Le bouquin, c’est donc une digression permanente. Un truc qui part dans tous les sens. Une conversation sans fin où Tristram, avec une joie communicative (et parfois un peu irritante, il faut le reconnaître), nous emmène dans ses pensées, ses souvenirs, ses anecdotes… et tout ça, sans jamais vraiment progresser dans son récit autobiographique! Vous suivez toujours? Ou vous avez déjà envie de relire le dernier Marc Levy?
Et les personnages! Ah, les personnages! Ils sont inoubliables. On a Walter Shandy, le père de Tristram, un philosophe amateur obsédé par les théories fumeuses et les systèmes complexes. Un peu gaffeur, beaucoup exaspérant, mais au fond, attachant. Ensuite, l’oncle Toby. Ah, l’oncle Toby! Un ancien militaire blessé à l’aine, qui consacre sa vie à reconstituer les batailles sur son terrain, avec des maquettes et des figurines. Un personnage absolument adorable et naïf. Et puis, il y a Trim, le serviteur fidèle de l’oncle Toby, une sorte de Sancho Panza à la sauce anglaise.

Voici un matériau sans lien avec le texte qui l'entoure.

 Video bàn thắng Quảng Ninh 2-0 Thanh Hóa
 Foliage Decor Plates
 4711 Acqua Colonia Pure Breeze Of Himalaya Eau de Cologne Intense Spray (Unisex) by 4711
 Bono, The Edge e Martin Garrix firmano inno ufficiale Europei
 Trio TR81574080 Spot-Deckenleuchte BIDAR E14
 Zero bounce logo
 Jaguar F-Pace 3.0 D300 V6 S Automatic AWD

Ces personnages, ils sont hauts en couleur. Ils discutent, ils s’engueulent (surtout Walter), ils se racontent des histoires… Et à travers leurs interactions, Sterne nous offre une réflexion sur la condition humaine, sur les absurdités de la vie, sur la vanité des ambitions… Le tout, avec un humour décapant et une ironie mordante.
Pourquoi lire Tristram Shandy?
Bonne question. Parce que c’est un livre unique en son genre. Parce que c’est un livre drôle (si on accroche à l’humour de Sterne, bien sûr). Parce que c’est un livre intelligent. Parce que c’est un livre qui nous force à nous interroger sur notre propre perception du temps, de la narration, de la réalité.
Et aussi… parce que c’est un livre complètement fou. Sérieusement, il y a des pages noires (pour marquer la mort d’un personnage), une page marbrée (dont on ne sait toujours pas trop ce qu’elle représente), des dessins… Bref, c’est un objet littéraire à part entière. Un OVNI dans le paysage romanesque.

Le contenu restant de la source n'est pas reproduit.